The knowledge base section of their official website has an extensive amount of information regarding operations, troubleshooting, and features. Further queries can be escalated to the support team.
Free users have to wait up to 72 hours for a response from the support team. We cannot blame them as they have a large user base and giving priority to premium customers is what keeps them afloat in this competitive market. Once you raise a ticket from their support section, a confirmation email with the ticket id is sent to your email address as they receive your message. The support section for logged in users has an extensive section for communication with the support staff. The ticket expires in 4 days if you fail to reply to their message.
Their Twitter support account @LastPassHelp is pretty active in providing support and ticket escalation to the support staff.
Perks of the Premium Account
Additional Multi Factoring
There are 4 additional multi-factoring options on top of the 8 you get in the free version. These additional options include USB-key Yubico authentication, as well as fingerprint sensors and card readers.

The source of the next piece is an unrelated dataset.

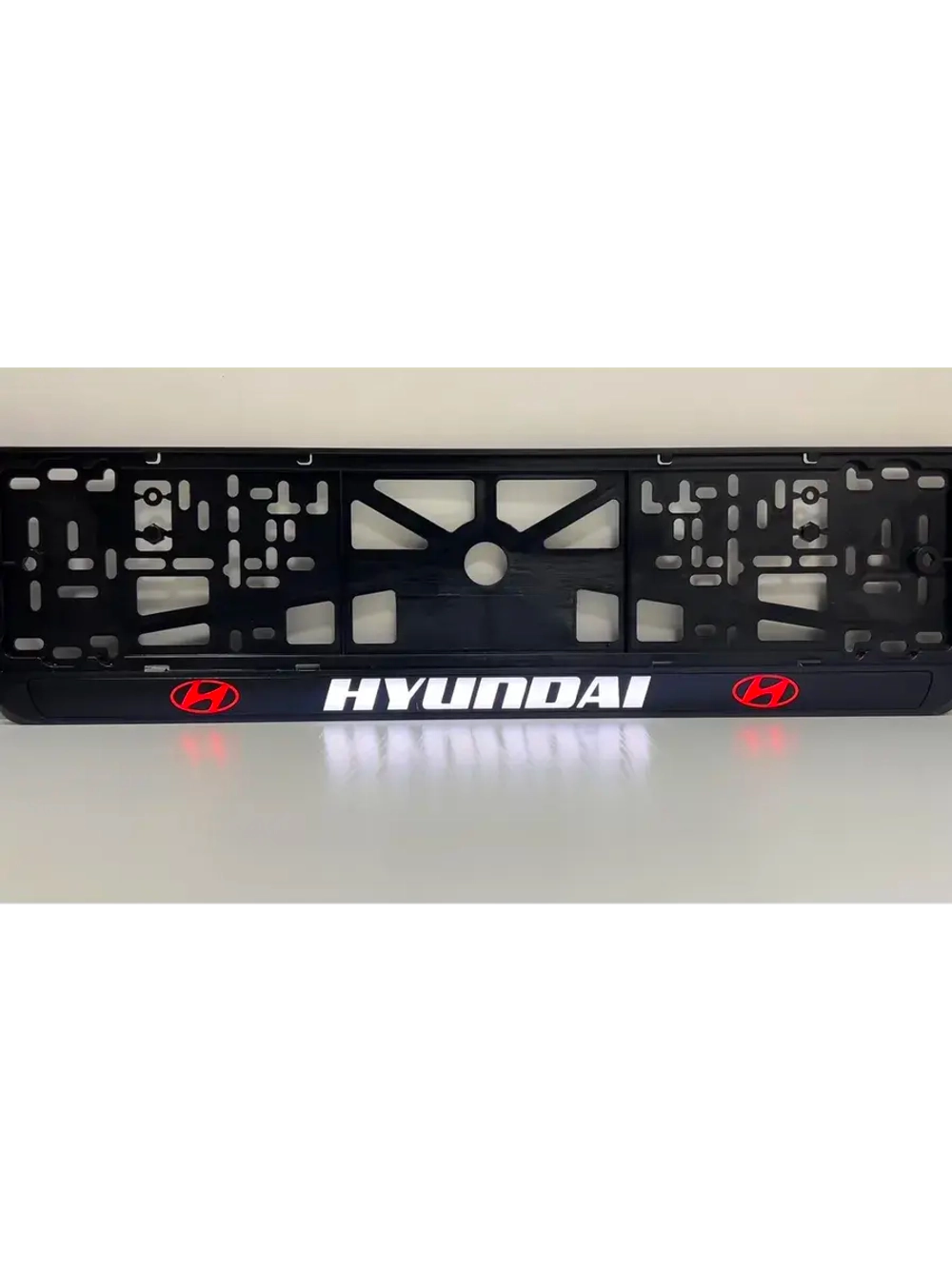 Рамка с подсветкой надписи. RLOGO Hyundai.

With emergency access, you can choose to give a trusted person access to our vault in cases of emergency when you are unable to access it. There is an access delay that is set by the user. Access delay works in the following manner:
- USER A adds a TRUSTED B to the trusted list
- USER A sets a delay of 2 hours for access
- TRUSTED B tries to access the vault. He/she has to wait 2 hours before the vault can be accessed. The moment TRUSTED B tries to access the vault, an email is sent to notify USER A.
USER A can decline access within 2 hours for any reason if he wishes. Failure to do so will give TRUSTED B access to the vault as designated and intended by USER A.
Note – If your premium plan expires and there is an emergency contact in place, it will continue to work. However, no users/contacts can be added.
You get the ability to share user credential items and even folders with others over email, granting them access is what you get in premium plans. A similar feature is free in TunnelBear’s password manager, RememBear, where a self-destructing link is created for sharing credentials.
Users who are always on the move and frequently have to deal with untrusted Internet connections would prefer to use this feature instead. With IE Anywhere, you can carry your credentials on your USB drive. You will need to install LastPass’s IE anywhere extension on the USB drive and accesses your vault items from it. There is no need to install browser extensions or access the web-panel. Note – The USB-based vault can carry a maximum of 5000 items, and the performance starts to degrade after 2,500 items as stated in their support manual.
- Feature-rich for free users
- Augmented Security
- Easy to use browser extension
- Support response is slower than that of their competitors
- History of security breaches
Industry leader LastPass has ticked all the right boxes in terms of features for their free users which have certainly helped them gain popularity on the market and spread the good word. Despite their bug-bounty and regular security audits, they have been at the receiving end of security compromises. Better bug-bounty programs should help their case, to begin with. Expanding the size of the security staff may or may not be the best path forward.